Thanks for the insights on desmopressin.
Remember that serum sodium evaluates water balance.
If your serum sodium is normal then your free water level is balanced. There is either no ADH defect, or you have corrected for it through hypotonic fluid therapy.
 
Remember that serum sodium evaluates water balance.
If your serum sodium is normal then your free water level is balanced. There is either no ADH defect, or you have corrected for it through hypotonic fluid therapy.

So if patient has:

* polyuria of more than 3 litres per 24 hr period
* urine osmolality < 150 mOsmol/kg after 12 hours of water restriction
* reports abnormal level of thirst
* normal serum sodium

this would not be considered pathological? How might we characterize such an individual? Such a person simply has an inability to store water but the brain and kidneys are managing the electrolytes appropriately?
 
So if patient has:

* polyuria of more than 3 litres per 24 hr period
* urine osmolality < 150 mOsmol/kg after 12 hours of water restriction
* reports abnormal level of thirst
* normal serum sodium

this would not be considered pathological? How might we characterize such an individual? Such a person simply has an inability to store water but the brain and kidneys are managing the electrolytes appropriately?
I would not think that to be physiologically possible. Is there a particular qbank question that you're referencing?
 
I would not think that to be physiologically possible. Is there a particular qbank question that you're referencing?

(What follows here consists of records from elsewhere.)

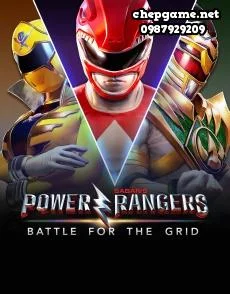 Power Rangers Battle For The Grid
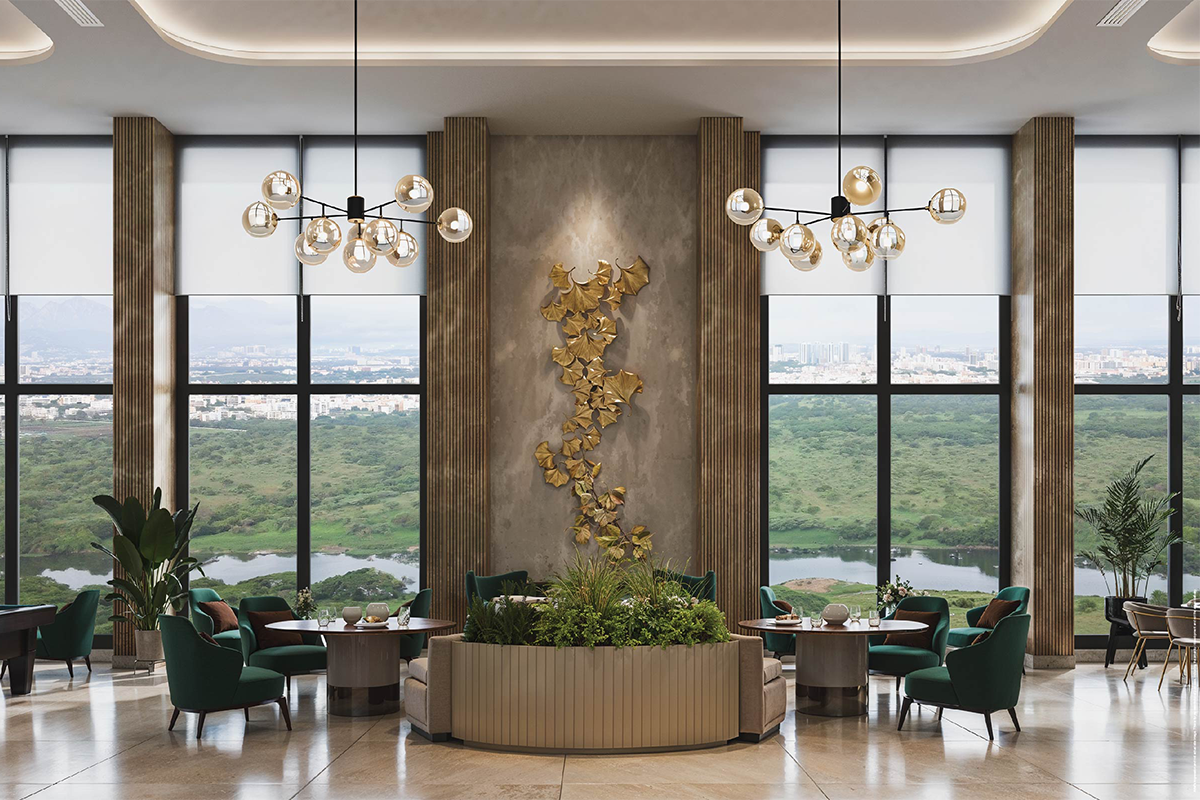 Godrej River Crest by Godrej Properties Kharadi, Pune Project View 1 Godrej River Crest by Godrej Properties Kharadi, Pune project view 1 - Official site construction update or visual rendering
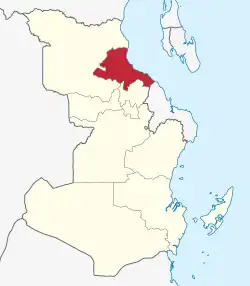 Bagamoyo District in Pwani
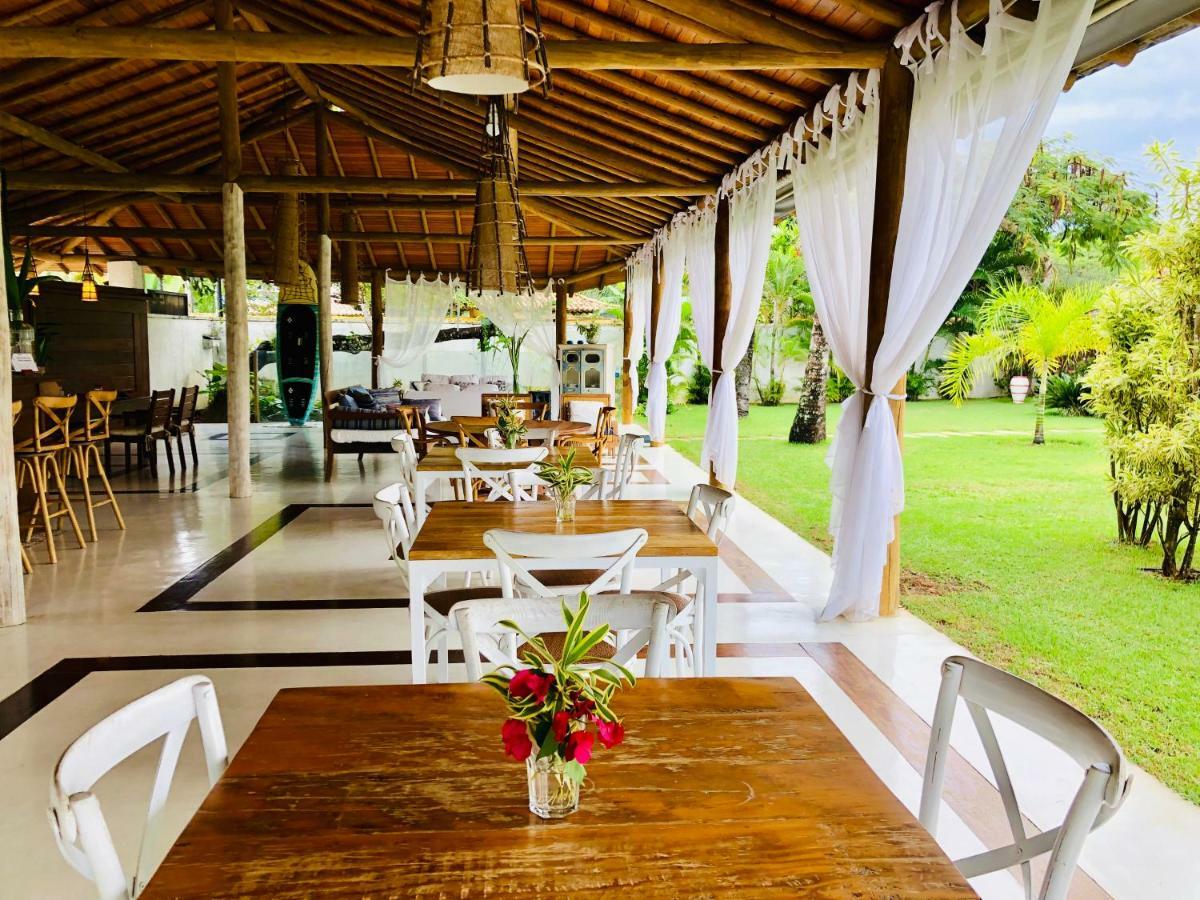 Pousada Villa Palmeira Azul Porto Seguro Esterno foto
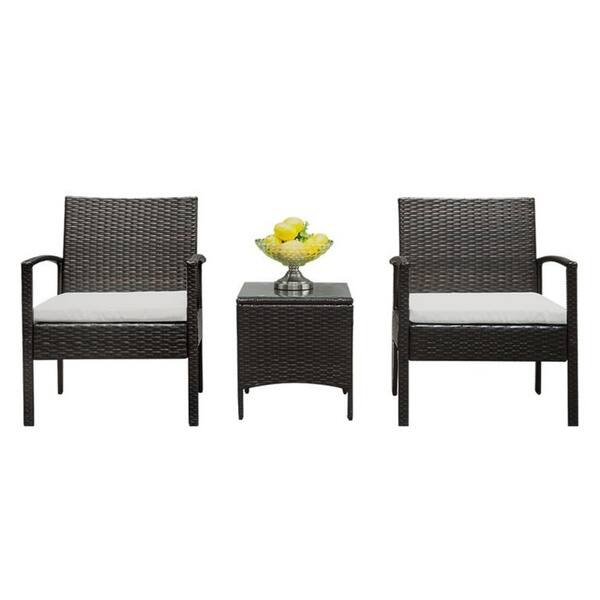 Havenside Home Amelia Patio Porch Furniture Bistro Set Havenside Home Amelia Patio Porch Furniture Bistro Set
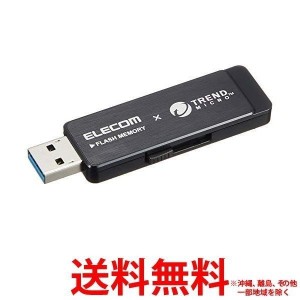 ELECOM USB3.0対応 USBメモリー MF-TRU332GBK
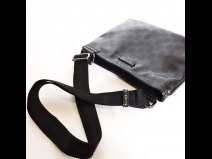 グッチ  ショルダーバッグ GG柄 インプリメ ブラック メッセンジャー (USED)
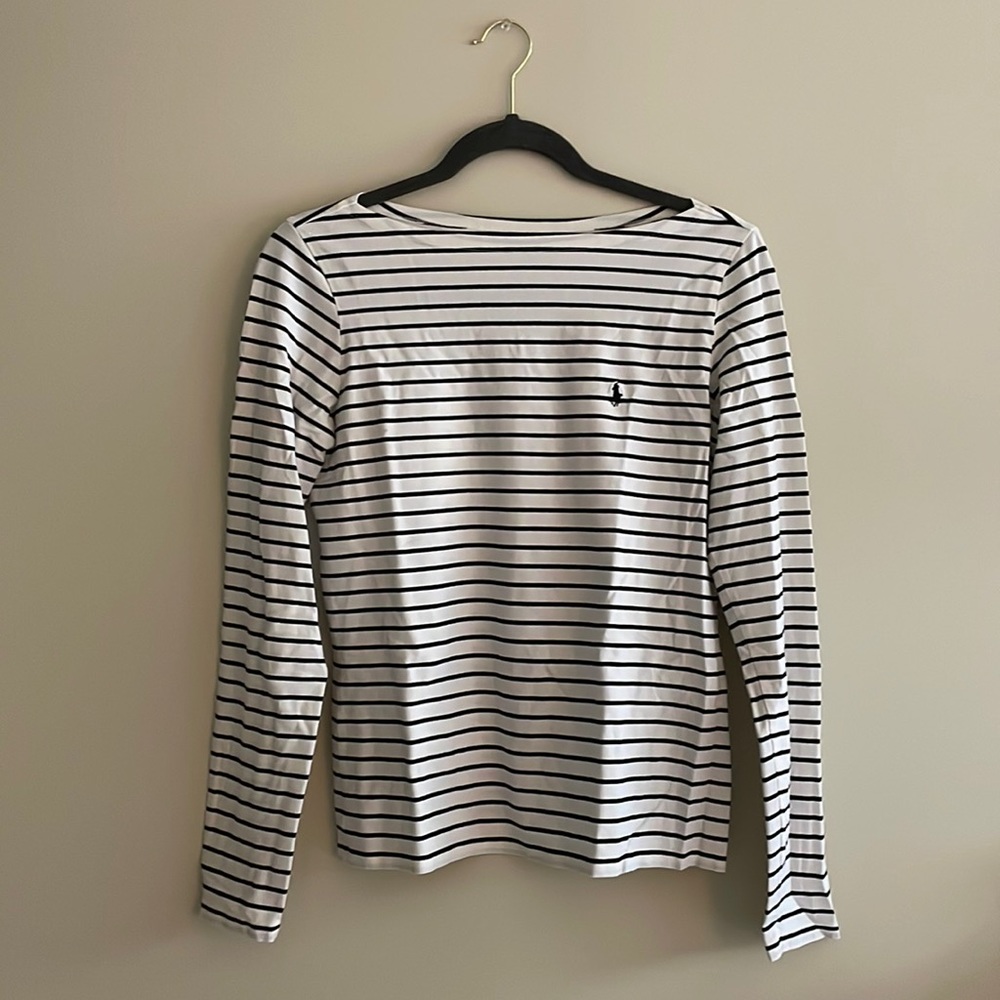 Ralph Lauren stripped shirt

I have access to the data for an unpublished study on chronic fatigue, and I'm noticing a pattern where many of the inputs follow that pattern. The actual urine osmolality numbers are typically >150 and <200, but still low when they should be >800 after fluid restriction. It seems quite weird, and I was just wondering if such a condition suggested anything. I guess it is not a disease but I was struggling to understand what it suggests about the underlying physiology.
 
I have access to the data for an unpublished study on chronic fatigue, and I'm noticing a pattern where many of the inputs follow that pattern. The actual urine osmolality numbers are typically >150 and <200, but still low when they should be >800 after fluid restriction. It seems quite weird, and I was just wondering if such a condition suggested anything. I guess it is not a disease but I was struggling to understand what it suggests about the underlying physiology.
Your chronic fatigue patients are on lasix.

Without fluids restriction, decreased activity of the thick ascending limb leads to isosmotic fluid loss, so serum sodium is normal. BUT, the combination of fluid restriction after washing out their corticopapillary gradient leads to an inability to concentrate urine and gives you the illusion of "mild" nephrogenic diabetes insipidus.
 
Your chronic fatigue patients are on lasix.

Without fluids restriction, decreased activity of the thick ascending limb leads to isosmotic fluid loss, so serum sodium is normal. BUT, the combination of fluid restriction after washing out their corticopapillary gradient leads to an inability to concentrate urine and gives you the illusion of "mild" nephrogenic diabetes insipidus.

Would that mechanism of action be unique to Furosemide/Lasix, or would any diuretic behave in a similar way? I'm not seeing Lasix listed for any of the specific records I am looking at, but now you have me wondering could it just be a diuretic in the diet? It's hard to believe that anyone could be drinking that much caffeinated beverage, for example. Maybe they take some weight loss supplement or other over-the-counter that acts like a diuretic?